“No child will be denied a Catholic education.”
That was the promise I heard throughout my childhood, a commitment by the Catholic schools I attended that no family would be turned away because they couldn’t afford tuition. It wasn’t a marketing slogan. It was a moral declaration: that access to a values-grounded education shouldn’t depend on a family’s bank account.
My parents believed that. They sacrificed for it. They paid tuition out of pocket while also paying the taxes that funded Ohio’s public schools. They never complained about that arrangement.
In fact, my parents and others like them who made the same choice acknowledged freely that a voucher program would have made their lives easier. Yet, they chose to carry that cost anyway, because they understood something that Ohio’s voucher advocates seem to have forgotten: a commitment to your own children’s education doesn’t require defunding someone else’s.
I’m an ordained minister and pastor now.
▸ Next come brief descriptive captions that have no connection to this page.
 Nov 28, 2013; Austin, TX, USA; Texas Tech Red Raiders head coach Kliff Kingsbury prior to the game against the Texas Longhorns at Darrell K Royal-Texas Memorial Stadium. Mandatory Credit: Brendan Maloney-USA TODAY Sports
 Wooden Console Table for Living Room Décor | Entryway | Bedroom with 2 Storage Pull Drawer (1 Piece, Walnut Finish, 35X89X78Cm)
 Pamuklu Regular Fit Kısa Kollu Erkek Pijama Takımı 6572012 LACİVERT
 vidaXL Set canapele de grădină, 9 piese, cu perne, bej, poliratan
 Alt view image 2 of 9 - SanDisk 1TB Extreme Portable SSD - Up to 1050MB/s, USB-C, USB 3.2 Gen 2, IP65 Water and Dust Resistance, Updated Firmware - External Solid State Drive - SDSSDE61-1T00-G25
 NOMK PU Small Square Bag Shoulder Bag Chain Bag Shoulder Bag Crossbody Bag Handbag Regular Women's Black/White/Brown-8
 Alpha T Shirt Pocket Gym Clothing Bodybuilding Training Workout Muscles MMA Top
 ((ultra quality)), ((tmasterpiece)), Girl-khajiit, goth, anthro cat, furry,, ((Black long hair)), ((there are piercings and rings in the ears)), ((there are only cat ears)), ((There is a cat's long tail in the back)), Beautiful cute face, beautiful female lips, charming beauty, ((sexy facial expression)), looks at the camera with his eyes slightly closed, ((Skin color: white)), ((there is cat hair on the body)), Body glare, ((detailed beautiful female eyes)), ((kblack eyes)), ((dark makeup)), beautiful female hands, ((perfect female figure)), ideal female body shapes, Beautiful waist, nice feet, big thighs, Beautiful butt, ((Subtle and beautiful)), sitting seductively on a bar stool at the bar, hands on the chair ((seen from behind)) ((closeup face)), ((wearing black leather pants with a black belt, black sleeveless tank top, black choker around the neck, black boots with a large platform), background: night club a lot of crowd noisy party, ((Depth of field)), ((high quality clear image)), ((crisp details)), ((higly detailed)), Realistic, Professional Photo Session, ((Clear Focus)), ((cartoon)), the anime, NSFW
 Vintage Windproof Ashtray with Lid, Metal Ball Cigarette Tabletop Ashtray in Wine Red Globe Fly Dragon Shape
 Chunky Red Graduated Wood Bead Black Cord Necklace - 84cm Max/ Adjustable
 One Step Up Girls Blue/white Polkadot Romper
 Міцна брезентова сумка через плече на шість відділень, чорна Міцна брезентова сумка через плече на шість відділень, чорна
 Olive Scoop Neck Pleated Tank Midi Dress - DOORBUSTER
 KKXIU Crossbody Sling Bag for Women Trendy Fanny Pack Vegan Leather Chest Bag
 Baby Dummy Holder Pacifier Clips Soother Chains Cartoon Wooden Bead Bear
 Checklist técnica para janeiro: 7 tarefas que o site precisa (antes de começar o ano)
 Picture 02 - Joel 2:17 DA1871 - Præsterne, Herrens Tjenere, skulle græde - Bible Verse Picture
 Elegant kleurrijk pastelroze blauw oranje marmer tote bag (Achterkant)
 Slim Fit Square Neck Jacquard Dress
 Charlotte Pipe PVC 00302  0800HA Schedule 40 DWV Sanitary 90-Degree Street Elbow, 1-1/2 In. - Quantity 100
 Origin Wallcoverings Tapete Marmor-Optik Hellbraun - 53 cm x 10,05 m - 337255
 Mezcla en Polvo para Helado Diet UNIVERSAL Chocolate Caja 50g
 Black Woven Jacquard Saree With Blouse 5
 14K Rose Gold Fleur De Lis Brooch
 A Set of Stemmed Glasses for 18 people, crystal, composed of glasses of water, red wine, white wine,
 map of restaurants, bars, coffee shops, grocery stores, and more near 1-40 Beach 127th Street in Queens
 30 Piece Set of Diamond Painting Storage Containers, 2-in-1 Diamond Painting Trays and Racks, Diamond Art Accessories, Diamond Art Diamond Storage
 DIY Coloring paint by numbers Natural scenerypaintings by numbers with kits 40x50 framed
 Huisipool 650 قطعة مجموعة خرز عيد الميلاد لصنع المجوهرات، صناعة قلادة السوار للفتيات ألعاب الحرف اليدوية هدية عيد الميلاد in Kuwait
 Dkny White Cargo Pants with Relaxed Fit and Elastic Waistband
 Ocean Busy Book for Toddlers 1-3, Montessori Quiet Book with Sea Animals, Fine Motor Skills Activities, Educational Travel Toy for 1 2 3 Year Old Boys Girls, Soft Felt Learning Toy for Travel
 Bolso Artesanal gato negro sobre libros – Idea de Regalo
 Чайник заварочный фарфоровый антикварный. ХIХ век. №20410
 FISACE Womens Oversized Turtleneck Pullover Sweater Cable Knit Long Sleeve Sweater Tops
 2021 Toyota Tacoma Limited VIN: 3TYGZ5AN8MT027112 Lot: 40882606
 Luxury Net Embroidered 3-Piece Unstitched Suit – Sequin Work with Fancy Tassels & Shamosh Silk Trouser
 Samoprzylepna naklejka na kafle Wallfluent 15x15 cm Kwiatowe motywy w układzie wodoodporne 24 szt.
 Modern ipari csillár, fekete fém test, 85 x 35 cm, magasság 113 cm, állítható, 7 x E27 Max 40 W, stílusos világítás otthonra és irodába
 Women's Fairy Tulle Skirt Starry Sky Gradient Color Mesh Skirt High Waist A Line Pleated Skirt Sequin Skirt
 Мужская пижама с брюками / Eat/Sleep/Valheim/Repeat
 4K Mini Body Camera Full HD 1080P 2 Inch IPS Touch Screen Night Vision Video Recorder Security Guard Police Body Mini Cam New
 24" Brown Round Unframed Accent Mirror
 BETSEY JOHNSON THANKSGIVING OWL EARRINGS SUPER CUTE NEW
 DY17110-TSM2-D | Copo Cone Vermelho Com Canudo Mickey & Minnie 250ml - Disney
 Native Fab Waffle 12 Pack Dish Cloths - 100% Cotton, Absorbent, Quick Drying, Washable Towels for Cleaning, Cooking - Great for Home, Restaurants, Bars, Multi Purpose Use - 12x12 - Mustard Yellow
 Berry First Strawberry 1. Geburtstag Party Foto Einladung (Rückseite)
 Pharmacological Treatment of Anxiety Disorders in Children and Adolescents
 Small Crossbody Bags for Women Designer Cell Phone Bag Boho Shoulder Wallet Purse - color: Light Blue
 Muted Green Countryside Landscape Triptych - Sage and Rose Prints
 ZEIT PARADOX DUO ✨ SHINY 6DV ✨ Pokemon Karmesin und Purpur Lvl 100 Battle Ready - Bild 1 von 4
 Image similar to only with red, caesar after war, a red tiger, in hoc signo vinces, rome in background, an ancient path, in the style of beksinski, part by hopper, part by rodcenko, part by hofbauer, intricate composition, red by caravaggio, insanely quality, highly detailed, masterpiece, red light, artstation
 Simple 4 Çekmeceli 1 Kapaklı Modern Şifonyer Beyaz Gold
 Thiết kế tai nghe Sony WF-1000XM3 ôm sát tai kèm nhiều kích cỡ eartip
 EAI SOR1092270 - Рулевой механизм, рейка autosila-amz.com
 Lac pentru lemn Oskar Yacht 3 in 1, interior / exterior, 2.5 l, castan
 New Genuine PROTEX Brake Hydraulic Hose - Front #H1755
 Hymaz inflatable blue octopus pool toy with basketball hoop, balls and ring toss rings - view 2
I still carry the values those schools gave me. And I am firmly, unequivocally opposed to Ohio’s school voucher program.
Here’s the truth that voucher advocates don’t want examined too closely: this debate was never really about parents like mine. It was never about helping working families stretch toward a private education for their kids. The numbers make that plain.
Roughly 90% of Ohio’s EdChoice voucher scholarships are going to students who were already enrolled in private school, meaning this public money is simply reimbursing families for a choice they’ve already made. That’s not expanding access. That’s a subsidy.
And it comes directly at the expense of the 90% of Ohio students who attend public schools.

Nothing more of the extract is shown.